Interview: Sheikha Shamma bint Sultan bin Khalifa Al Nahyan

In what ways can local and international stakeholders support Abu Dhabi’s sustainable growth?

SHEIKHA SHAMMA BINT SULTAN BIN KHALIFA AL NAHYAN: The focus on sustainability at COP28 UN Conference on Climate Change, which will be held in the UAE in November 2023, presents opportunities for the public and private sectors. NGOs and academia will meet to promote sustainable developments.

In 2021 the UAE launched an initiative to reach netzero emissions by 2050, reinforcing its commitment to significantly reducing its carbon output. The initiative aligns closely with the Principles of the 50 blueprint, the UAE’s roadmap for accelerating economic development. The major opportunities offered by the path to net zero are likely to lead to dynamic development across the country. The UAE’s net-zero target also takes into consideration the fundamentals of the Paris Agreement, which calls on countries to prepare long-term strategies to reduce their greenhouse gas emissions and together limit the rise in global temperatures to 1.5°C compared to pre-industrial levels.

The UICCA supports the UAE’s net-zero ambitions by working with stakeholders across key sectors – including energy, economy, industry, infrastructure, transport, waste, agriculture and the environment – to develop effective plans, strategies and policies that will help the country reach its national targets.

How can disruptive technologies and artificial intelligence (AI) be integrated into data collection and analytics in the transition to a greener economy?

SHEIKHA SHAMMA: Technology and innovation will be essential drivers of the transition to a greener economy. However, it is important to bear in mind that in order for this process to be seamless and have a real impact, current social, economic and governance structures need to be significantly reorganised.

Some of the most promising opportunities in disruptive technology lie in Industry 5.0, which is set to build on the Fourth Industrial Revolution to emphasise human-centred, resilient and sustainable design. The concept of Society 5.0, an integrated cyber and physical platform in which humans play a central role, is also relevant. Society 5.0 can proactively help meet the UN Sustainable Development Goals through the adoption of disruptive technologies – such as the internet of things (IoT), image processing, AI, big data and smartphone applications – to create prosperity, end poverty, improve disaster management and protect the planet.

We already saw the role connected devices play in daily life during the Covid-19 pandemic, when remote access to medical information helped relieve overwhelmed health care systems. The pandemic made everyone understand that IoT and AI are not just emerging technologies; instead, they have a key role to play in society and the economy. In addition, disruptive technologies are paving the way for sustainable education.
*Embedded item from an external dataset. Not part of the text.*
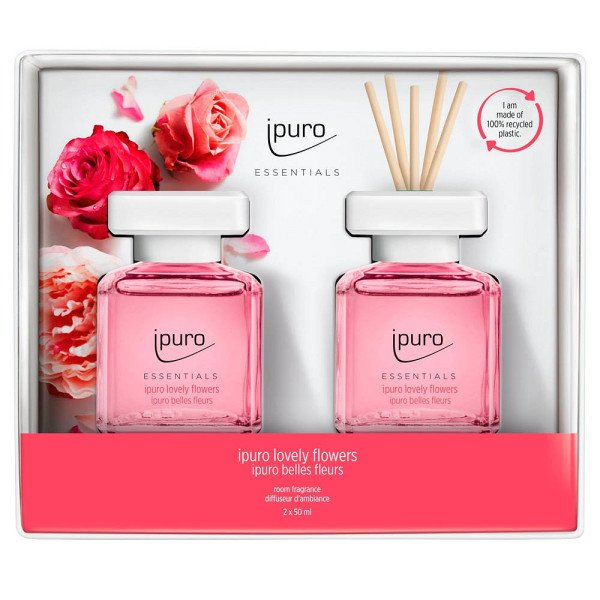 4051281982246 - ipuro ESSENTIALS Raumduft Set Lovely Flowers Set 2 x 50 ml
However, we need to ensure we have policies and regulations in place to govern these technologies, and maximise their positive impact on people’s lives and the planet, as well as curtail any adverse effects.

What role will academia play in shaping future leaders with a focus on a greener economy?

SHEIKHA SHAMMA: Academia is critical in connecting theory and practice to fight climate change. Educational institutions have the capacity to conduct scientific research, in turn developing the necessary knowledge base and human capital to assess and address climate change. Since change is the only constant and uncertainty hardwired into society, human ingenuity to devise solutions can help us mitigate and adapt.

As such, developing human capital capable of resolving problems is one of the most important roles academia can play today. Educational institutions must give young minds a greater appreciation of the challenges ahead, and expand their offerings and programmes to give future professionals the skills in sciences and humanities that will help ensure a sustainable future.